Hashing algorithm can be specified at the creation time (default is tcpudp_ports): 
xe bond-create mode=lacp properties:hashing-algorithm=<halg> network- uuid=<network-uuid> pif-uuids=<pif-uuids>

where <halg> is src_mac or tcpudp_ports. We can also change the hashing algorithm for an existing bond, as shown below. 
xe bond-param-set uuid=<bond-uuid> properties:hashing_algorithm=<halg>

It is possible to customize the rebalancing interval by changing the bond PIF parameter other- config:bond-rebalance-interval and then re-plugging the PIF. The value should be expressed in millisecond. For example, following commands change the rebalancing interval to 30 seconds. 
xe pif-param-set other-config:bond-rebalance-interval=30000 uuid=<pif-uuid> xe pif-plug uuid=<pif-uuid>

The two LACP bond modes will not be displayed if you use a version older than XenCenter 6.1 or if you use Linux Bridge network stack.

Configuring LACP on a switch

Contrary to other supported bonding modes, LACP requires set-up on the switch side.
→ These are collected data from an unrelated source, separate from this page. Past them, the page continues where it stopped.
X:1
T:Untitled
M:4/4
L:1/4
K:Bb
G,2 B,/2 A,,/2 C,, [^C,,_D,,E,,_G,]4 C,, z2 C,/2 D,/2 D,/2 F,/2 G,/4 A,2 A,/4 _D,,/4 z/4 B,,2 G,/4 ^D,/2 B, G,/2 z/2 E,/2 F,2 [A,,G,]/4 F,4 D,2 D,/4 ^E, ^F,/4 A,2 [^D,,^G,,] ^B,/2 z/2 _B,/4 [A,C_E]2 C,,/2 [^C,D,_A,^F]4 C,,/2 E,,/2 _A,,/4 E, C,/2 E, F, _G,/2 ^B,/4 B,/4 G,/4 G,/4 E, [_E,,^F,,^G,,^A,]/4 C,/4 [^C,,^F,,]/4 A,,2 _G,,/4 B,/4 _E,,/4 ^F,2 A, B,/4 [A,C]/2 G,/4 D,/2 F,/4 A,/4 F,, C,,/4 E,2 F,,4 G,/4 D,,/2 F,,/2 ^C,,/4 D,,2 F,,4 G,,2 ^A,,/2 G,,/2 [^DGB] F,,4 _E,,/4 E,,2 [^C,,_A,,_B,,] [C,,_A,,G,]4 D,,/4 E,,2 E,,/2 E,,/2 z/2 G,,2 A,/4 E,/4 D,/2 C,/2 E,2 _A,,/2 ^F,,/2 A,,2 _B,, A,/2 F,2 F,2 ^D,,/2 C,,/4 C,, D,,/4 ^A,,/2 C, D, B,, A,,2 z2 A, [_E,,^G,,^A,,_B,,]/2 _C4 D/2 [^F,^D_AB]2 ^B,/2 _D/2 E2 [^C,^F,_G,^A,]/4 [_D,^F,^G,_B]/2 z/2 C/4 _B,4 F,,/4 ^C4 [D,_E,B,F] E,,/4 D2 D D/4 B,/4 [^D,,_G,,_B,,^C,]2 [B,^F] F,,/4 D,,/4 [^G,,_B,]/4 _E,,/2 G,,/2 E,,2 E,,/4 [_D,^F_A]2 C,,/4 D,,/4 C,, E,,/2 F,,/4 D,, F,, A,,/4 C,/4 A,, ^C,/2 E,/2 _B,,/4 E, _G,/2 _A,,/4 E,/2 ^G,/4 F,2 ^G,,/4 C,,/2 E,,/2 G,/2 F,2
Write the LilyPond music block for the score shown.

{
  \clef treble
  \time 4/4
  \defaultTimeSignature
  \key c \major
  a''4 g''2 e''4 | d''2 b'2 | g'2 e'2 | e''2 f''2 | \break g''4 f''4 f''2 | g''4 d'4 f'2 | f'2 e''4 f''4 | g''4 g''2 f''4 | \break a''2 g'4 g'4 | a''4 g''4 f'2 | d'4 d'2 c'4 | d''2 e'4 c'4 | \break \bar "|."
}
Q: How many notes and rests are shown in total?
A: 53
The switch must support IEEE standard 802.3ad. As is the case for other bonding modes, the best practice remains to connect the NICs to different switches, in order to provide better redundancy. There is no Hardware Compatibility List (HCL) of switches. IEEE 802.3ad is widely recognized and applied, so any switch with LACP support, as long as it observes this standard, should work with XenServer LACP bonds.
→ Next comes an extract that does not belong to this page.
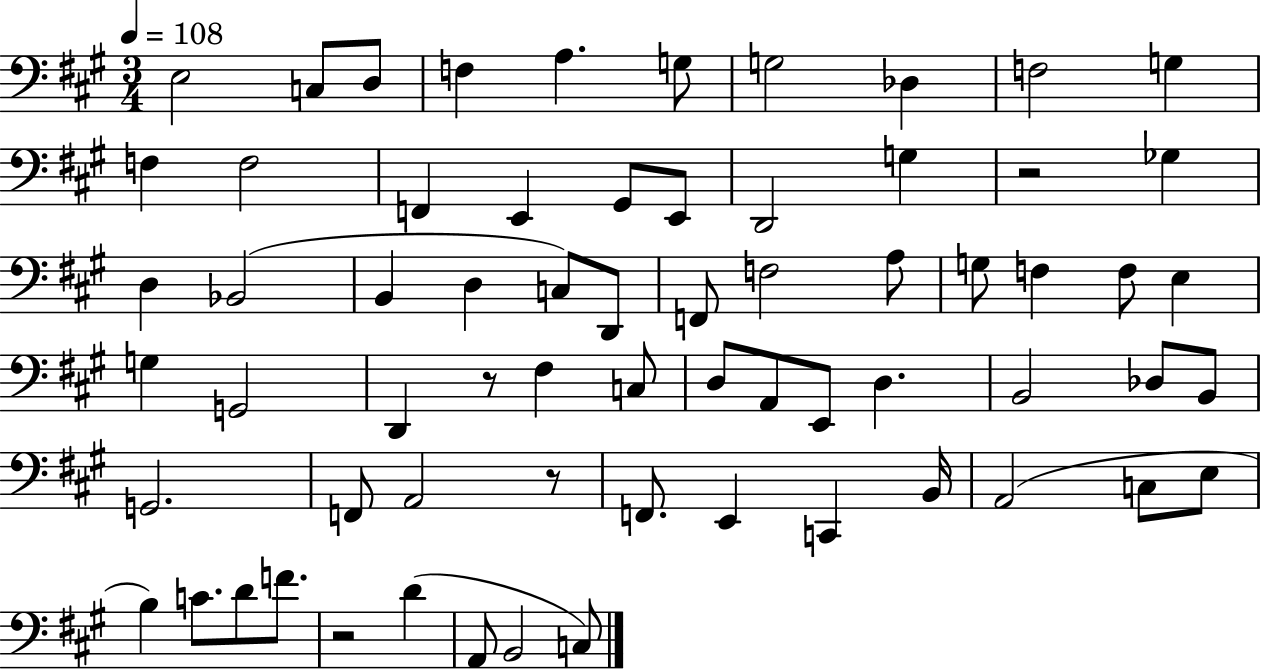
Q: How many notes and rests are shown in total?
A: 66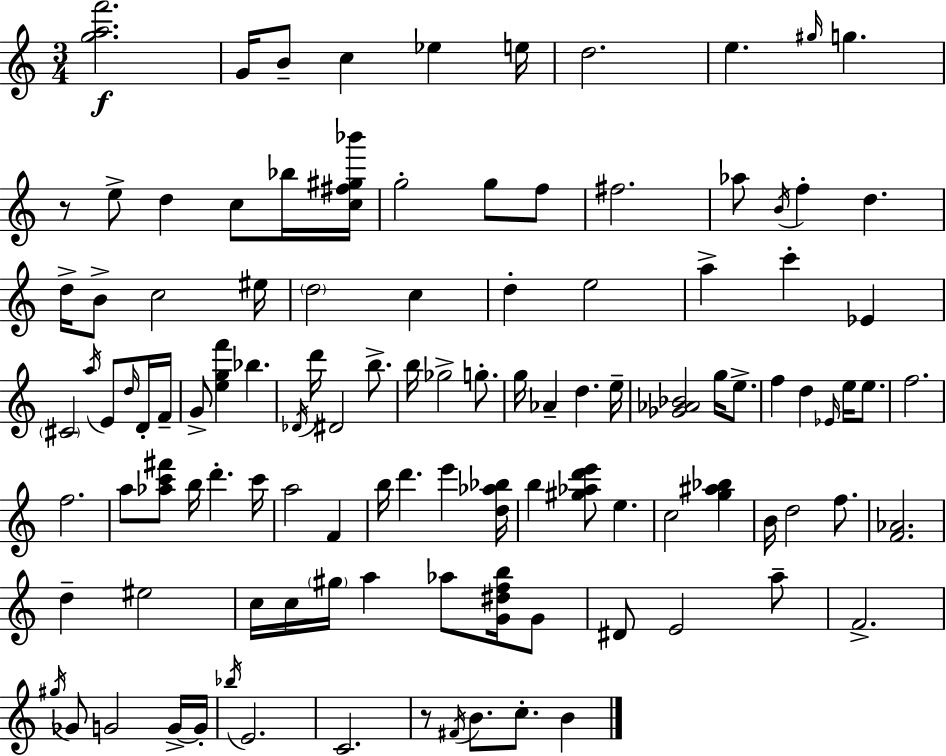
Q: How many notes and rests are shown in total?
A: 111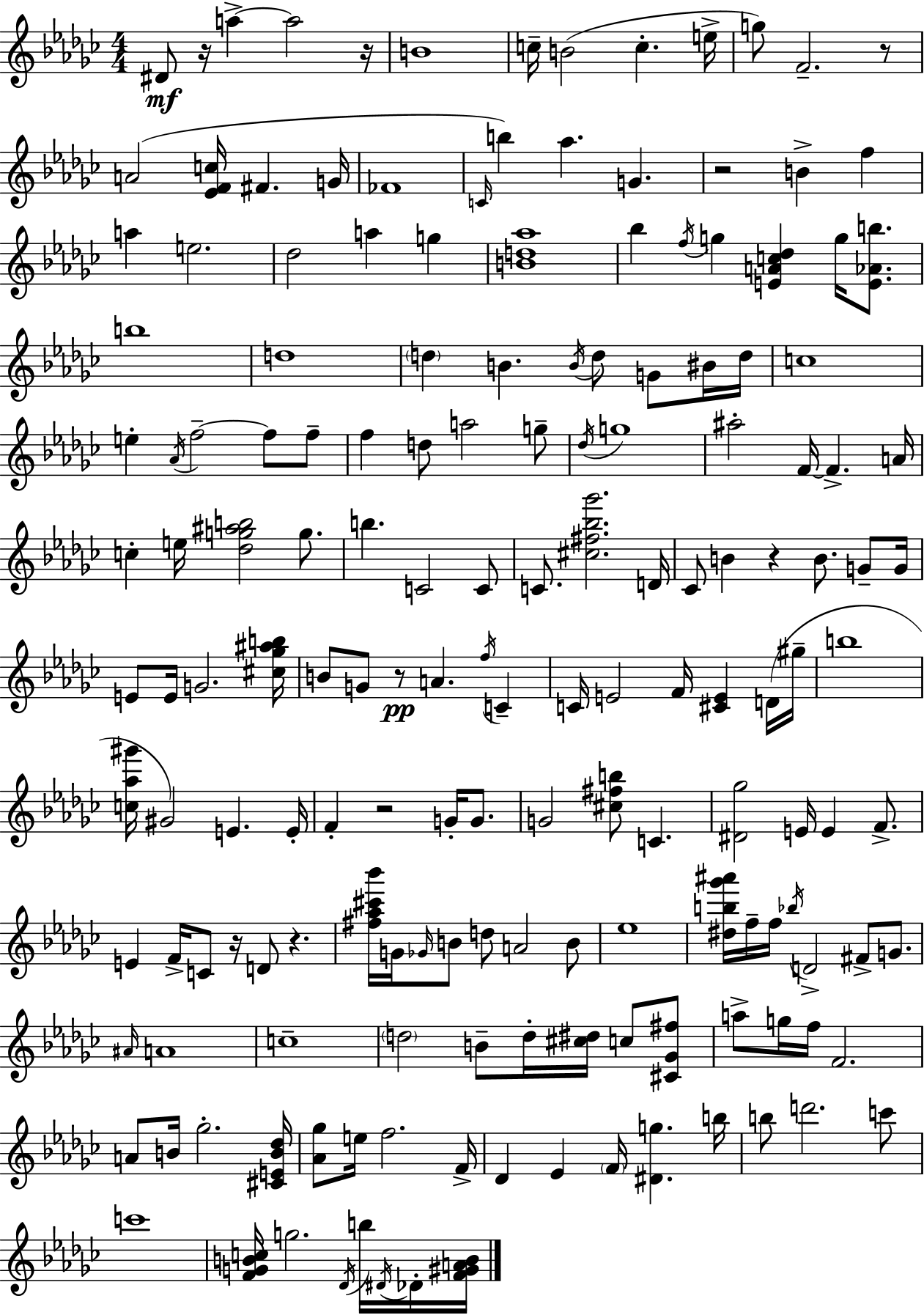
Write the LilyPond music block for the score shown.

Steps for configuring LACP on a switch
Identify switch ports connected to the NICs to bond. Using the switch web interface or command line interface, set up the same LAG (Link Aggregation Group) number for all the ports to be bonded. For all the ports to be bonded set LACP to active (for example “LACP ON” or “mode auto”). If necessary, bring up the LAG/port-channel interface. If required, configure VLAN settings for the LAG interface — just as it would be done for a standalone port. Example: Cisco Catalyst 3750G-A8 Configuration of LACP on ports 23 and 24 on the switch:

C3750-1#configure terminal

Enter configuration commands, one per line. End with CNTL/Z.

C3750-1(config)#interface Port-channel3

C3750-1(config-if)#switchport trunk encapsulation dot1q

C3750-1(config-if)#switchport mode trunk

C3750-1(config-if)#exit

C3750-1(config)#interface GigabitEthernet1/0/23

C3750-1(config-if)#switchport mode trunk

C3750-1(config-if)#switchport trunk encapsulation dot1q

C3750-1(config-if)#channel-protocol lacp

C3750-1(config-if)#channel-group 3 mode active

C3750-1(config-if)#exit

C3750-1(config)#interface GigabitEthernet1/0/24

C3750-1(config-if)#switchport mode trunk

C3750-1(config-if)#switchport trunk encapsulation dot1q

C3750-1(config-if)#channel-protocol lacp

C3750-1(config-if)#channel-group 3 mode active

C3750-1(config-if)#exit

C3750-1(config)#exit

4)    Diagnostics

Logs play an important role in troubleshooting. The following are some of the log files which might be useful in NIC teaming setup.

File /var/log/messages 




File /var/log/xensource.log 
File /var/log/xensource.log contains useful network daemon entries.